The system is positioned at the hive entrance providing real-time data, enabling beekeepers to closely monitor the hive's activity and health through an account-based website.
Using machine learning, our monitoring system can accurately track honey bees, monitor pollen-gathering activity, and detect Varroa mites, all without causing any disruption to the honey bees.
- Score: 0.157286095422595
- License: http://creativecommons.org/licenses/by/4.0/
- Abstract: Utilizing computer vision and the latest technological advancements, in this
study, we developed a honey bee monitoring system that aims to enhance our
understanding of Colony Collapse Disorder, honey bee behavior, population
decline, and overall hive health. The system is positioned at the hive entrance
providing real-time data, enabling beekeepers to closely monitor the hive's
activity and health through an account-based website. Using machine learning,
our monitoring system can accurately track honey bees, monitor pollen-gathering
activity, and detect Varroa mites, all without causing any disruption to the
honey bees. Moreover, we have ensured that the development of this monitoring
system utilizes cost-effective technology, making it accessible to apiaries of
various scales, including hobbyists, commercial beekeeping businesses, and
researchers.

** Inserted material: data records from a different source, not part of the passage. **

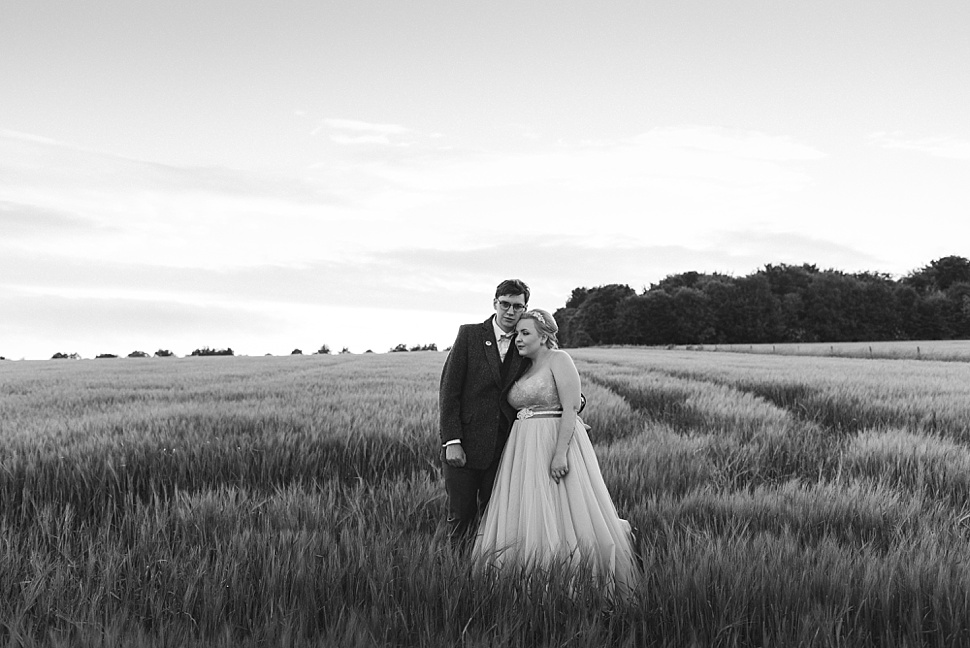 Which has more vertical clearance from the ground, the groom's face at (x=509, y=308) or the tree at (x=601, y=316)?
the tree at (x=601, y=316)

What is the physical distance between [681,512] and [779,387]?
10839mm

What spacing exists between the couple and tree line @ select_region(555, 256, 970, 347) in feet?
284

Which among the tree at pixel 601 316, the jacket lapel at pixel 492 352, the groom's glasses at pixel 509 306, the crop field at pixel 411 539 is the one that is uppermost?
the tree at pixel 601 316

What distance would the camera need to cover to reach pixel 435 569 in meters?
3.20

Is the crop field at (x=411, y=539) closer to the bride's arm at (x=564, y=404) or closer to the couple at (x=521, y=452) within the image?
the couple at (x=521, y=452)

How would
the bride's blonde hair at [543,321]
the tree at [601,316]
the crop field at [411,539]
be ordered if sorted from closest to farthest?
the crop field at [411,539] → the bride's blonde hair at [543,321] → the tree at [601,316]

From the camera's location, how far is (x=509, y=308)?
161 inches

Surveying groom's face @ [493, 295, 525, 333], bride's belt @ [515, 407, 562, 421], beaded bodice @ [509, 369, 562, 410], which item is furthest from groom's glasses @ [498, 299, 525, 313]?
bride's belt @ [515, 407, 562, 421]

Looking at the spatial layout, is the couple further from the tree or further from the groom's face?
the tree

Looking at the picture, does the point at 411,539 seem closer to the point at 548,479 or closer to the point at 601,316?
the point at 548,479

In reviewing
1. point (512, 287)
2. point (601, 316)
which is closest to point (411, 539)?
point (512, 287)

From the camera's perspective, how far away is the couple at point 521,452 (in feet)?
12.5

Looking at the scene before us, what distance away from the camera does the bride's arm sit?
3879 millimetres

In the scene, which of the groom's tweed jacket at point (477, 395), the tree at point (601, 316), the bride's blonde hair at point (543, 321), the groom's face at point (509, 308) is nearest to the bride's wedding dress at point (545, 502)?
the groom's tweed jacket at point (477, 395) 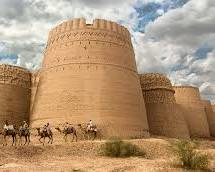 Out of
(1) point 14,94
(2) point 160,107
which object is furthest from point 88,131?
(2) point 160,107

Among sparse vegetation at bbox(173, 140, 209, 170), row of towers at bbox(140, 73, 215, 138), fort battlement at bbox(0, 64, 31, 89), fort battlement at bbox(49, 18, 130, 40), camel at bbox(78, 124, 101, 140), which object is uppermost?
fort battlement at bbox(49, 18, 130, 40)

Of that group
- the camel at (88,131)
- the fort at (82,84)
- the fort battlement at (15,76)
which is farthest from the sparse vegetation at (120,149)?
the fort battlement at (15,76)

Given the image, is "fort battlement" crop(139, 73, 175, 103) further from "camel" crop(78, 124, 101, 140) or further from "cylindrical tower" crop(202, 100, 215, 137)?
"cylindrical tower" crop(202, 100, 215, 137)

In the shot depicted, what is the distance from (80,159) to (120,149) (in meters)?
1.64

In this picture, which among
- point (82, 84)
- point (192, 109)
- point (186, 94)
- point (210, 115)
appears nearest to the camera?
point (82, 84)

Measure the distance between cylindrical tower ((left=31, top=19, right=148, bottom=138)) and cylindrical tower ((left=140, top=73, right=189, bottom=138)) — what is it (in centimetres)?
425

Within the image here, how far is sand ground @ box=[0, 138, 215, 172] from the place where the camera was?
12.3 m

The inference models used to detect honey bees, pollen, and mites
are based on the YOLOv7-tiny architecture trained with our own data. The
F1-score for honey bee model recognition is 0.95 and the precision and recall
value is 0.981. For our pollen and mite object detection model F1-score is 0.95
and the precision and recall value is 0.821 for pollen and 0.996 for "mite".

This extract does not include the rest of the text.